The way out? With the rising popularity of newer data sources including smartphone metadata, financial organisations are now embracing artificial intelligence (AI), machine learning (ML) and other advancements in digitisation for better credit risk management. Combining machine learning with traditional scorecards helps continuously run different combinations of variables to arrive at learnings from data gathered across browsing history, SMS, emails, downloaded files and calendar usage. This helps predict variable interactions and clearly identify strengths and weaknesses associated with a loan, improving both accuracy and time taken in credit decision-making. No wonder, 31% of capital market professionals think that the use of non-traditional data leads to better credit decisions than just relying on detached data. In fact, in 2017, JPMorgan Chase introduced COiN, a contract intelligence platform that uses machine learning to review 12,000 annual commercial credit agreements. This helped them reduce review time from 360,000 hours per year to seconds. Here are 4 reasons why companies across industries should leverage AI to mitigate credit risk:
Financial institutions spend a significant amount of money and time n physically verifying applicant details. AI can be leveraged to extract meaningful insights from unstructured alternate data sources such as text and images and to verify the authenticity of the information provided by applicants without the necessity for physical investigation. This helps significantly reduce loan or corporate credit processing time.

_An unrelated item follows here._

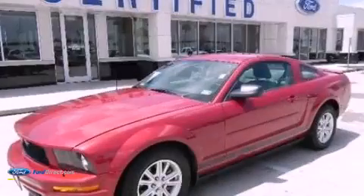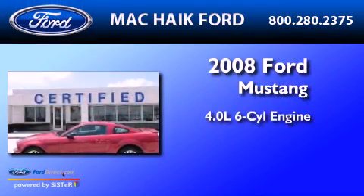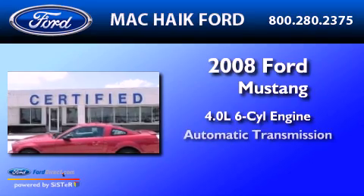This is a 2008 Ford Mustang. It has a 4.0-liter six-cylinder engine and an automatic transmission.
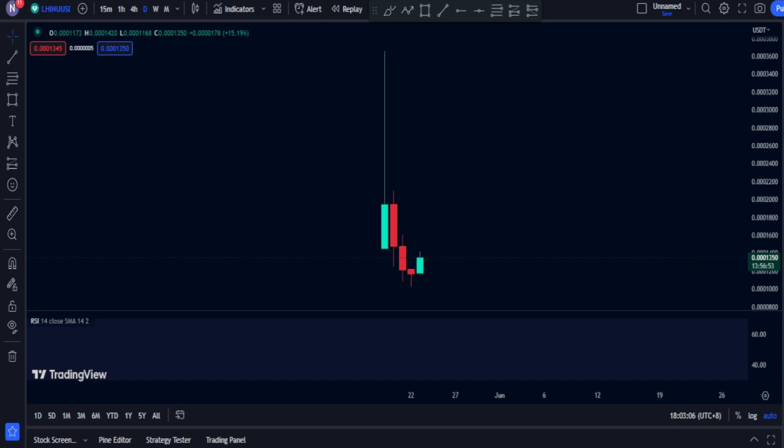Hey guys, welcome back. Today we are back with another video and we are going to check again the HBAR cryptocurrency. I have done a technical analysis for this before — we are back checking where the price is heading right now. We are in the daily time frame and as you can see, we don't have much noise.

Today’s digitally-savvy customers prefer personalised products that are relevant and customised to their needs. Intelligent analysis of smartphone metadata and transactional data help zero in on the most pertinent customer information to offer a pre-selection of suitable credit products. This, in turn, helps enhance the customer experience.
Once the customer zeroes in on the credit products, smart credit scoring apps using AI-based algorithms can help analyse customer behaviour in real-time. This helps extract and contextualise relevant information to verify the customer’s creditworthiness and calculate the maximum credit limit. AI can also be used to enhance decisions for structured financing through reliable estimates of future cash flow and the ability to pay back debt.
It is crucial for banks to meet the regulatory requirement of leveraged transactions which requires them to ensure due diligence for granting loans or refinancing existing transactions. With high quality data input such as smartphone metadata, AI applications help reduce data bias and create a transparent approach to enable credit scoring.
For banks, using AI and machine learning to enrich the credit risk management process not only brings in greater efficiency but also enhance fraud detection mechanisms and reduce time to market. AI’s power to adopt new data sources and analyse with more granularity is the way forward to ensure accurate credit scores, improve credit risk detection and engage better with customers.